Review “Deep Trash: The Animal Farm”

Deep Trash: The Animal Farm organised by CUNTemporary | 24 October 2015

Thomas Hensher © 2015, courtesy of Cuntemporary

If you have ever wondered in a modern art museum, “What is going on inside those artists’ heads?” this event would have definitely given you some answers.

I look back on the surreal experience I had that night, and I have to keep telling myself that it was not a dream…or a nightmare. A nightmare can be eye-opening for sure. You get a massive shock just because it is your first time. Who could have imagined that I would end up seeing a fully naked man dancing on the stage?

Thomas Hensher © 2015, courtesy of Cuntemporary

One step inside the Benthal Green Working Men’s Club, I felt like I stepped into a backstage of a circus. People with four breasts, horse heads, unicorn horns, people with their bottom showing, people with colourful frizzy hair that takes up more than their body – my eyes were confused as to what to look at. I certainly did not know whether it was fine to say, “Oh, that’s a lovely outfit!” because I wasn’t sure if it was meant to look lovely or scary. Then you hear a happy scream from the corridor, because a person won a butt plug at a hook-a-duck game… no, a “Hooker-duck” game – an interactive artwork aimed to raise awareness of prostitution laws.

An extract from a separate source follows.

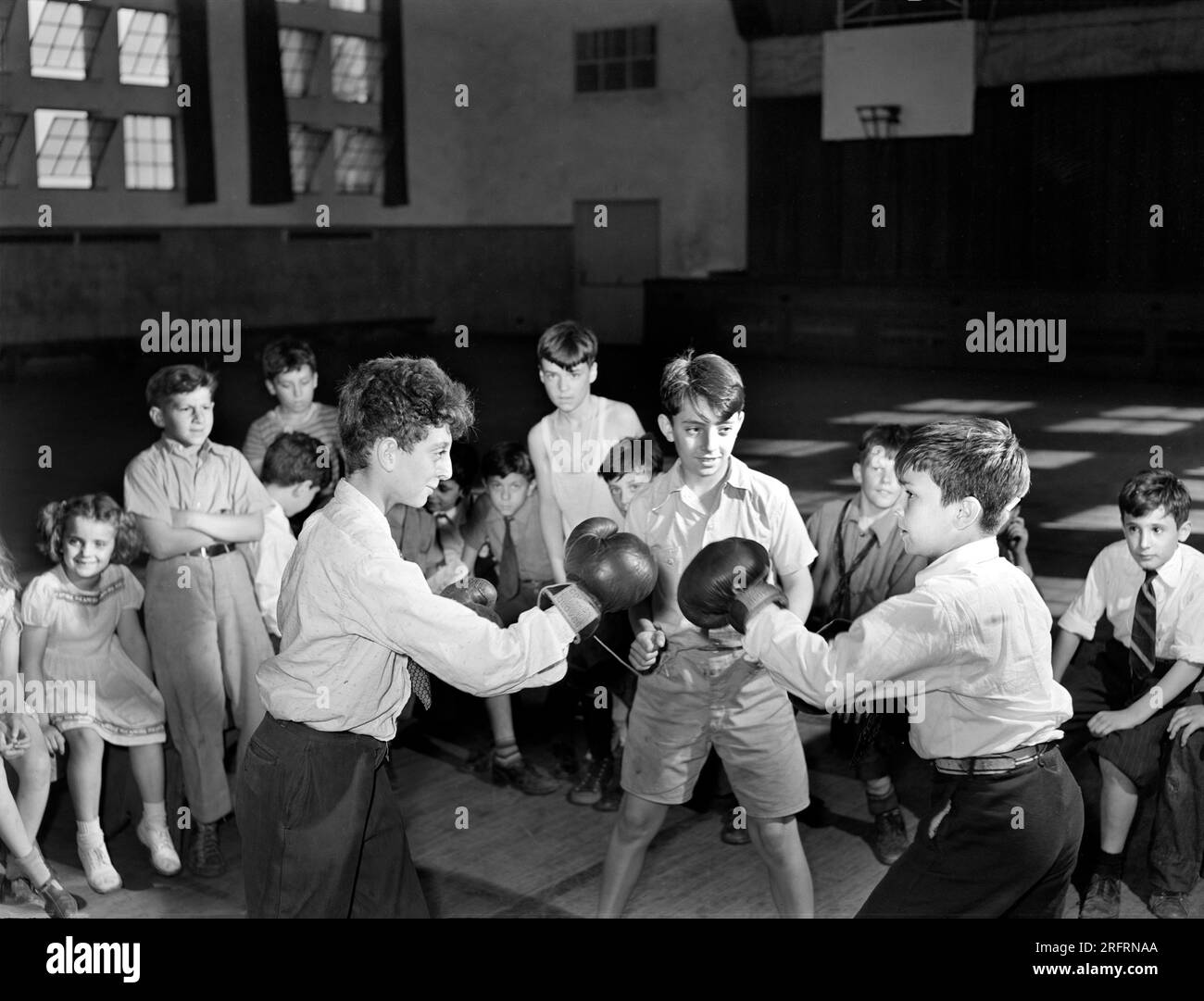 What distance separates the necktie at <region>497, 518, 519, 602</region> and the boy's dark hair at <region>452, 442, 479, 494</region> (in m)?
0.23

The event was comprised of seven art performances, five video screenings, artworks, and dancing. It was an event based on the theme of Orwell’s Animal Farm, opening up conversations on gender and animal rights.

Vera Boitcova performing “The Loneliest Whale, or Unicorns and other Animals that don’t exist” | Thomas Hensher © 2015, courtesy of Cuntemporary

First, let me talk about my favourite performance of the night by Vera Boitcova. Dressed up as a unicorn, she talks about her friends Whale, Unicorn, and a mixed breed of Whale and Unicorn. What they all have in common is that they were socially ostracised because of their gender status. Based on a saying in Russia: “Lesbians are like Unicorns – they don’t exist”, the performance tells experience of being categorised as socially unfit.  Screening a video clip of a protest on her body was effective and both visually calming and powerful.

Kirsty Mckenzie performing “Cat Lady” | Thomas Hensher © 2015, courtesy of Cuntemporary

For the rest of the performances, I don’t know which one was most unique:

1) the Cat Lady, the artist herself, being in love with cats and allergic to cats at the same time, starting acting as a cat and starts munching on cat food
2) a massive egg with legs, singing on the stage, that later becomes a chicken
3) an almost completely naked woman eating a roast chicken hanging from her body and spitting on her arm to make a sticker tattoo work
4) a pig headed man with a little cloth just to cover his privates, dancing while pouring ketchup and mayonnaise and smudging his entire body – at least, he was giving sausages out to people before he got completely naked!

I also enjoyed the artworks, especially some of the photographs and paintings. But more than that, I had fun seeing the variety of responses by the audience. Some were absolutely loving them all and seemed like they were enjoying being part of everything; some were absolutely confused at what they were seeing. Among the latter was a family dad who happened to find out about the event after he entered the circus. Although he seemed to be disturbed at what he was seeing, we were all bursting into laughter at the surreal night.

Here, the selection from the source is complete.